The baby boom generation
My dear father passed away recently. He belonged to what, in 1951, Time magazine termed as “the silent generation”. And my father was silent. Like his generation, my father sought solace in traditional values and strove for order and stability. This is...
My dear father passed away recently. He belonged to what, in 1951, Time magazine termed as “the silent generation”. And my father was silent. Like his generation, my father sought solace in traditional values and strove for order and stability. This is what my father’s cohorts lacked in their childhood. They were born in the shadow of the Great Depression and their youth was blemished by World War II. Then, they worked hard to re-build their world and to ensure that their children lived comfortably. Now, my father rests in peace.
In contrast, like many of my generation, I have always been a nonconformist. Why we, “the baby boomers”, have protest in our blood I do not know. We wanted to change the world that our parents had re-built in the image of the past. To manifest our dissent we grew our hair long and fixed Mao Tse-Tung posters in our bedrooms. In the US (everything in my life seems to start there), those my age rebelled against the Vietnam War, raved for Jimi Hendrix, smoked marijuana and, somehow, belonged to the hippie movement.

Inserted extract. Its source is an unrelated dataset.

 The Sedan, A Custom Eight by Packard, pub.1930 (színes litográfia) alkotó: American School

They idolised John F. Kennedy and Martin Luther King and sought a new meaning to life in exotic, oriental religions. It was a time to reach out for the future, for the moon. But the spectre of nuclear fallout was ever-present.
Commentators claim that we baby boomers are self-conscious but not self-centred. We have great faith in humanity, in borderless social movements. We used to dream of utopia. In the process, everything became relative; there remained no absolute right or wrong. Our identity was moulded by nationalism. Malta l-ewwel u qabel kollox (Malta first and foremost). Even the Catholic Church sought to adapt to the changing times as was reflected in Vatican Council II. Our rebellion was conditioned by a profound sense of respect for authority and spirituality.

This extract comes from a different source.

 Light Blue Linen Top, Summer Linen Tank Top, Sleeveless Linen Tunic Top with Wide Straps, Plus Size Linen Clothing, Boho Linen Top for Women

The fall of the Berlin Wall bought down with it the idealism of the baby boomers. Our perspectives changed and we became increasingly cynical. Margaret Thatcher and Ronald Reagan sealed the victory of neo-liberalism. The left suffered a black-out and lost its way. It was the end of history. A new promise emerged: globalisation. The consumers of the world (all of us) will be united by the free market. And we will live happily ever after.
The baby boomers discovered the pleasure of consumerism. Easy borrowing and plastic money made it possible for us to buy homes and SUVs, which we could hardly afford. Our mission was no longer to reform the world but to get rich quickly. Now, each one of us wants his, or her, 15 minutes of fame. Nurturing image and keeping up with the Joneses is critical. We crave for more goods and services to make us feel good and for “emotional gratification”. Until recently, this was freely available through the sheer joy of belonging to a community.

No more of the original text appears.